== GIVEN ENTRIES

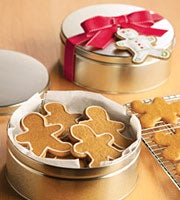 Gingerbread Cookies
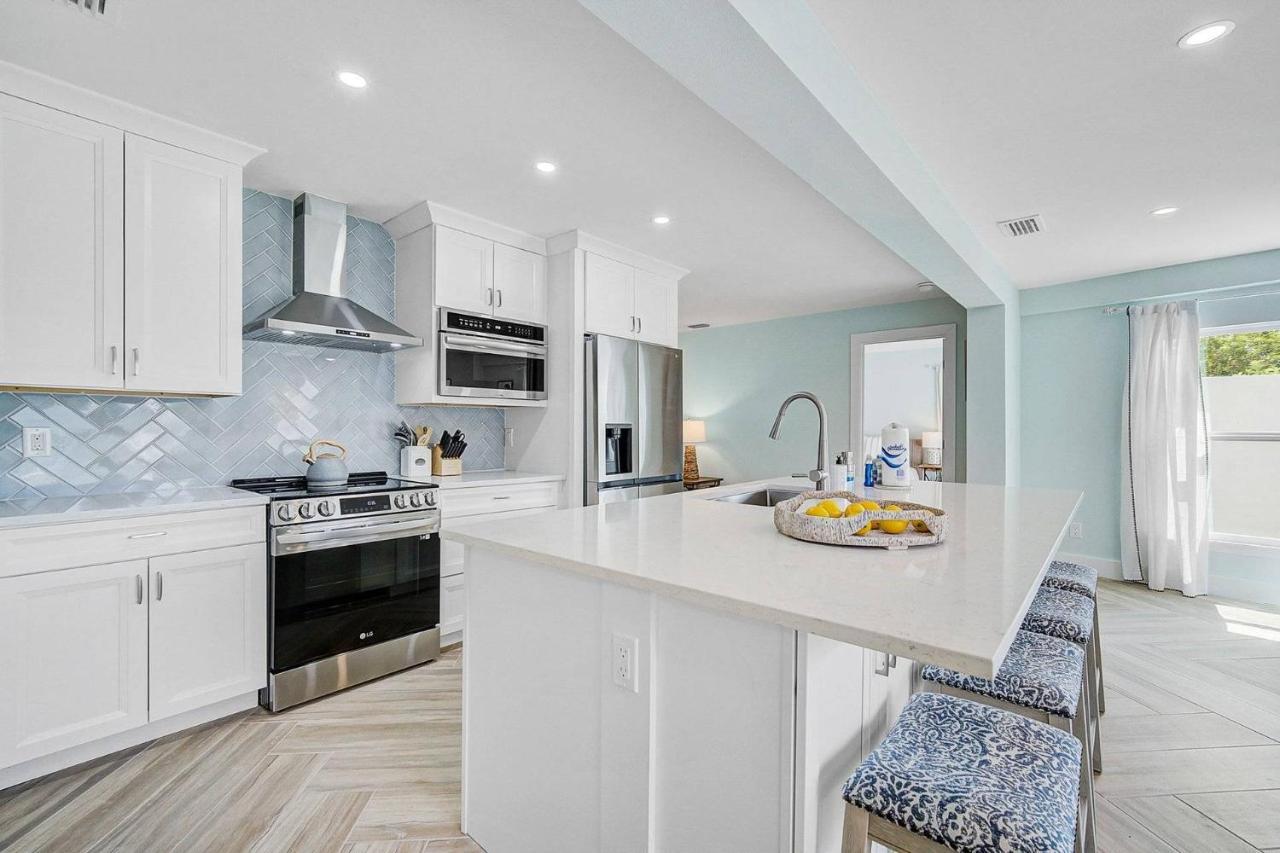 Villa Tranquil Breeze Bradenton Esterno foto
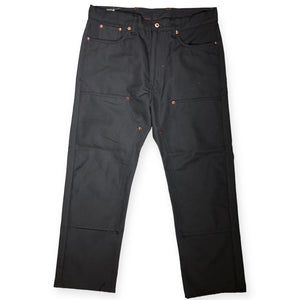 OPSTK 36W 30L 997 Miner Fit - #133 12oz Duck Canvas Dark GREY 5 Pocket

====
== GIVEN ENTRIES

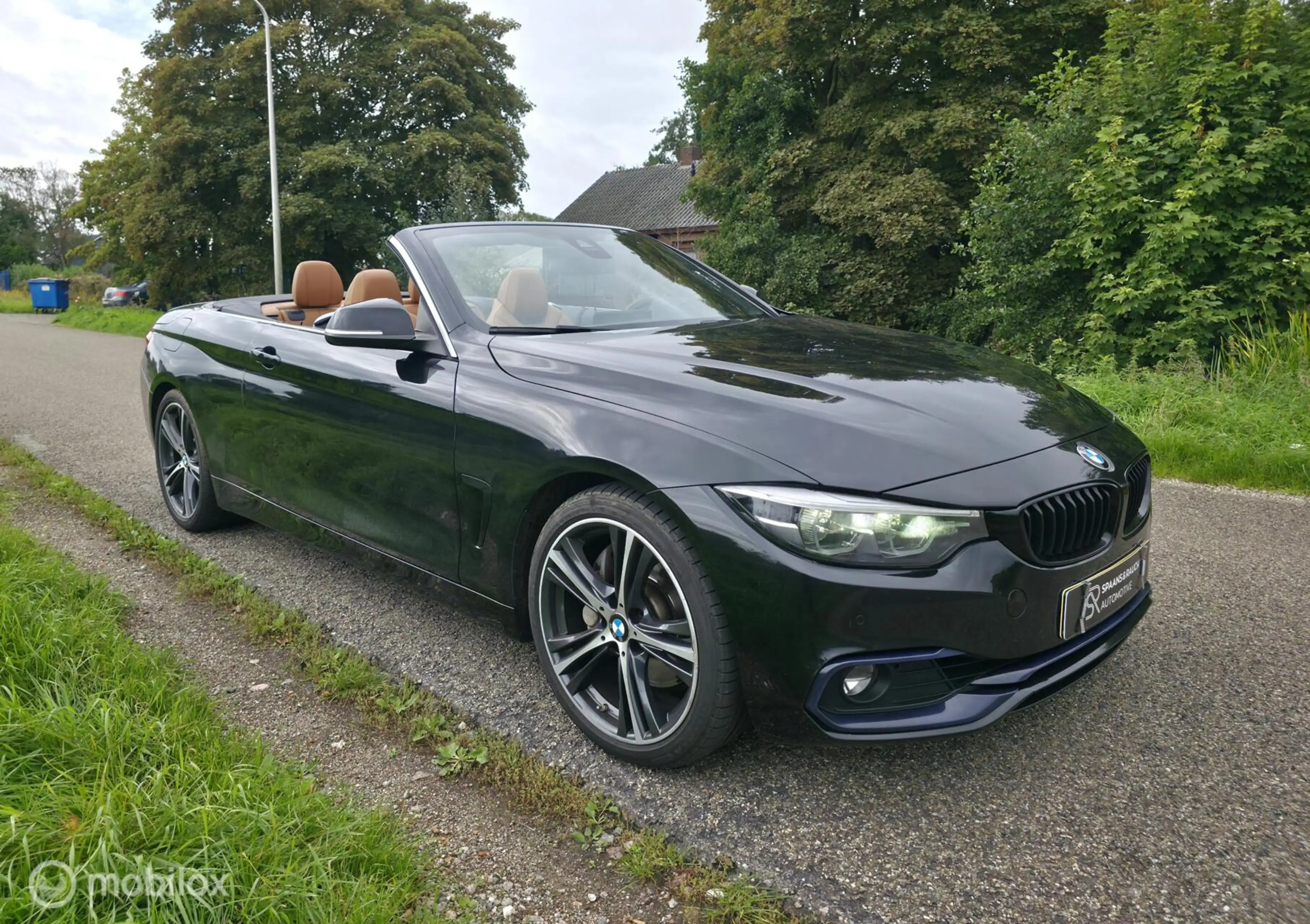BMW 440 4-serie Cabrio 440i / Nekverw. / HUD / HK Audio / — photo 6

====

_ASSIGNMENT_
Above, find the line holding "Gingerbread Cookies" and the line holding "OPSTK 36W 30L". Print exactly those two lines and every line between them, but no pictures.

_RESPONSE TO THIS TASK_
 Gingerbread Cookies
 Villa Tranquil Breeze Bradenton Esterno foto
 OPSTK 36W 30L 997 Miner Fit - #133 12oz Duck Canvas Dark GREY 5 Pocket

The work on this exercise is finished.